• What to do: Copy nothing but the lines from the one containing "Cover Carne de ataúd" through the last line of the records, repeated exactly and without pictures.

• Records:
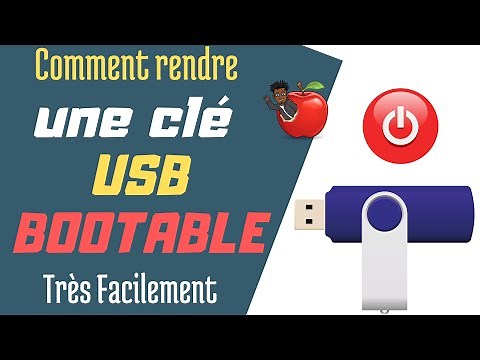 Comment créer votre clé USB Bootable Windows 11 (et toutes autres versions) ? | Avec Rufus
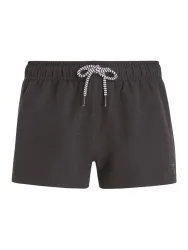 PROTEST - Mädchen Badeshorts Prtevi, 14A, Schwarz
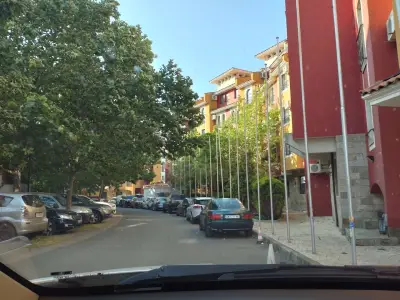 Menada Apartments in Marina Cape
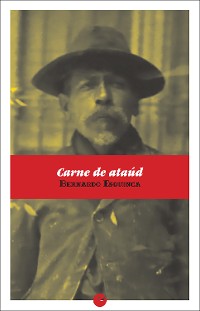 Cover Carne de ataúd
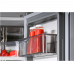 Купить  Встраиваемый холодильник Hiberg i-RFQB 550 NF в интернет-магазине Мега-кухня 9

• Written solution:
 Cover Carne de ataúd
 Купить  Встраиваемый холодильник Hiberg i-RFQB 550 NF в интернет-магазине Мега-кухня 9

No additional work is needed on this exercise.